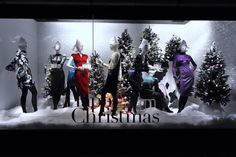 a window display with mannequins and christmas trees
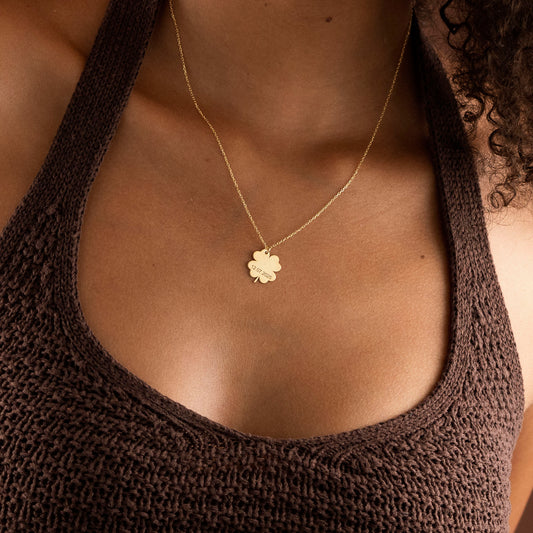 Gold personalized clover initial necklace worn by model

==

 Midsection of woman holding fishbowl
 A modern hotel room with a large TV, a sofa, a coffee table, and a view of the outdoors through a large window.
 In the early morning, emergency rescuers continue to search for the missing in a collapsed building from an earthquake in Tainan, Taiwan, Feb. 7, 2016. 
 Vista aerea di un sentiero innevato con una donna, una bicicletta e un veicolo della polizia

*Directions*
Having found the line with "a window display" and the line with "Gold personalized clover" in the material above, write out exactly those two and every line between, leaving the pictures out.

*Answer for the task*
 a window display with mannequins and christmas trees
 Gold personalized clover initial necklace worn by model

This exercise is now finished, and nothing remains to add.